Vielmehr darf und muss sich der Richter in tatsächlich zweifelhaften Fällen mit einem für
das praktische Leben brauchbaren Grad an Gewissheit begnügen, der den Zweifeln
Schweigen gebietet, ohne sie völlig auszuschließen (BGH, NJW 1993, 935 m.w.N.).
b)
Das Landgericht durfte schon aufgrund seiner eigenen Lebenserfahrung (vgl. hierzu
Zöller/Greger, ZPO, 28. Aufl., § 286 Rn. 11) annehmen, dass als gedankliche Alternative
zu Telefonanrufen aus dem Verantwortungsbereich des Beklagten allenfalls fingierte und
manipulierte Telefonanrufe eines böswilligen (an einer Diskreditierung der Beklagten
interessierten) Dritten in Betracht kommen könnten und dass dies nach den
vorliegenden Fallumständen als sehr unwahrscheinlich erscheint.
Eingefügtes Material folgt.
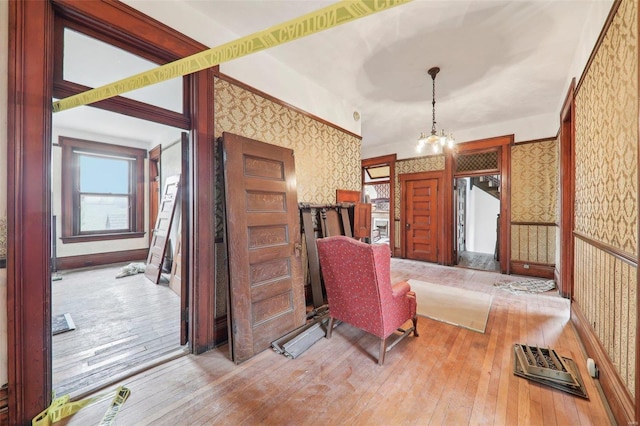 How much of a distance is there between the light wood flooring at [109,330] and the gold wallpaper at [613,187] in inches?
134

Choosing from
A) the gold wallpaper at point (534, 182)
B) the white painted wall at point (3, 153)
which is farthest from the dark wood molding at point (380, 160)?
the white painted wall at point (3, 153)

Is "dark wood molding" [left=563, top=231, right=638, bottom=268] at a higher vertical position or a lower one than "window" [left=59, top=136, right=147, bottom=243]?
lower

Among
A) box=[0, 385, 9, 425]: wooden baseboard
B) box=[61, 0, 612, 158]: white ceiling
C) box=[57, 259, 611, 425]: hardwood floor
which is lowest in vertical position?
box=[57, 259, 611, 425]: hardwood floor

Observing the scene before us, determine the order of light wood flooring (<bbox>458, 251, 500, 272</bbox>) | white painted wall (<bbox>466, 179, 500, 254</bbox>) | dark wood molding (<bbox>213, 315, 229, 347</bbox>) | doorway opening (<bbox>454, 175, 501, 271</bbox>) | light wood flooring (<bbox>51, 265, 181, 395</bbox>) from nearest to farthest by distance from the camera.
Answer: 1. light wood flooring (<bbox>51, 265, 181, 395</bbox>)
2. dark wood molding (<bbox>213, 315, 229, 347</bbox>)
3. light wood flooring (<bbox>458, 251, 500, 272</bbox>)
4. doorway opening (<bbox>454, 175, 501, 271</bbox>)
5. white painted wall (<bbox>466, 179, 500, 254</bbox>)

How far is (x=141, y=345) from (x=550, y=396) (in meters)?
3.39

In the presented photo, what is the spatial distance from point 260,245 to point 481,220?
8.14 m

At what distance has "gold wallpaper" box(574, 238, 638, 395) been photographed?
1456 mm

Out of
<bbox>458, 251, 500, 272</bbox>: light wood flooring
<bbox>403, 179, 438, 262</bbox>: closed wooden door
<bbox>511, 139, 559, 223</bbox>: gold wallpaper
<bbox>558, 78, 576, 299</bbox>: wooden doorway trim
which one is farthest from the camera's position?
<bbox>403, 179, 438, 262</bbox>: closed wooden door

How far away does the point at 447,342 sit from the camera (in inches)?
96.4

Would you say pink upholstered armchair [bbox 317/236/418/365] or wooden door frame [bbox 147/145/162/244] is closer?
pink upholstered armchair [bbox 317/236/418/365]

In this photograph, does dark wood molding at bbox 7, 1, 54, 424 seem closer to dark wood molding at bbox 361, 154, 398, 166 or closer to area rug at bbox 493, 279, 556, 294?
area rug at bbox 493, 279, 556, 294

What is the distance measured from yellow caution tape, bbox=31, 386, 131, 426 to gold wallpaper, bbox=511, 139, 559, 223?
632 centimetres

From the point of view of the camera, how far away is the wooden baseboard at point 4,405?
1.45 m

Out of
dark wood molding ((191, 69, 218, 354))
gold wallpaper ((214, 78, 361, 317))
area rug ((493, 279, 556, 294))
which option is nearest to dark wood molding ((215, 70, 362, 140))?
gold wallpaper ((214, 78, 361, 317))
Nach der glaubhaften
Aussage des Zeugen S. ist die Firma der Beklagten schon eingangs des
Telefongesprächs vom Werbeanrufer genannt worden. Damit scheidet die Möglichkeit
aus, ein Konkurrent der Beklagten könne mit der Benennung der eigenen Firma oder der
der Beklagten so lange gewartet haben, bis er erkannt habe, ob der Angerufene
Interesse habe oder nicht.
Es ist zu berücksichtigen, dass sich ein böswilliger Dritter nicht auf einzelne fingierte und
manipulierte Telefonanrufe beschränken könnte, sondern dass er eine Vielzahl derartiger
Telefonanrufe vornehmen müsste um hinreichend sicherzustellen, dass wenigstens einer
der angerufenen Verbraucher den Vorgang zur Anzeige bei verfolgungsbereiten
Organisationen bringt. Angesichts einer solchen Vielzahl von Telefonanrufen müsste ein
solcher böswilliger Dritter aber auch damit rechnen, dass einzelne angerufene
Verbraucher Interesse an den angebotenen Leistungen bekunden könnten. Würde ein
böswilliger Dritter dann einem solchen Interesse nicht weiter nachgehen, müsste er mit
Irritationen und Nachfragen der interessierten Dritten bei der Beklagten rechnen. Gäbe
der böswillige Dritte gegenüber interessierten Verbraucher selber ein eigenes Angebot
ab, könnte auch dies wegen der unterschiedlichen Firmenangaben Irritationen und
Nachfragen auslösen. Unter diesen Umständen liegenden Aufwand und Risiken eines
böswilligen Dritten kaum noch in einem vernünftigen Verhältnis zu dem böswillig
beabsichtigten Ziel einer Diskreditierung der Beklagten. Es ist vorliegend nicht der
geringste Anhaltspunkt für die Tätigkeit eines böswilligen Konkurrenten oder sonstigen
Dritten vorgetragen oder sonst erkennbar. Auch der Inhalt des von dem Zeugen S.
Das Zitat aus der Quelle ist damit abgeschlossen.